Marcus is making spherical soaps to sell in his online store. The surface area of soap is 63.585 in.² and he wants to package them into a cube box so that it fits snuggly. Using using 3.14 as the value of pi, what should be the dimensions of the cube box?
To find the dimensions of the cube box, we first need to determine the volume of the spherical soap.

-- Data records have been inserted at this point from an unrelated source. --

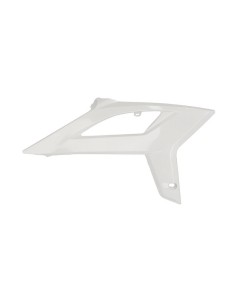 Tapas Radiador Acerbis Beta RR 20-22 Blanco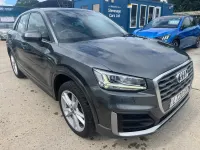 Used Audi Q2 S-Line 150 HP (110 kW) 2020 Grey SUV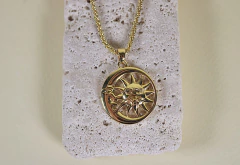 Cadena sol y luna - picaresca accesorios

The formula for the surface area of a sphere is 4πr^2, where r is the radius of the sphere. In this case, the surface area is given as 63.585 in.².
So, we have:
4πr^2 = 63.585
r^2 = 63.585 / (4π)
r^2 = 5.0717211
r ≈ √5.0717211
r ≈ 2.253 inches
Now, we need to find the volume of the spherical soap:
V = (4/3)πr^3
V = (4/3)π(2.253)^3
V ≈ 54.24 in.³
Since the cube box should snugly fit the spherical soap, the volume of the cube box should be equal to the volume of the spherical soap:
Volume of cube = 54.24 in.³
Let the side length of the cube be x inches. Therefore, the volume of the cube can be calculated as:
V = x^3
x^3 = 54.24
x ≈ ∛54.24
x ≈ 3.738 inches
Therefore, the dimensions of the cube box should be approximately 3.738 inches on each side.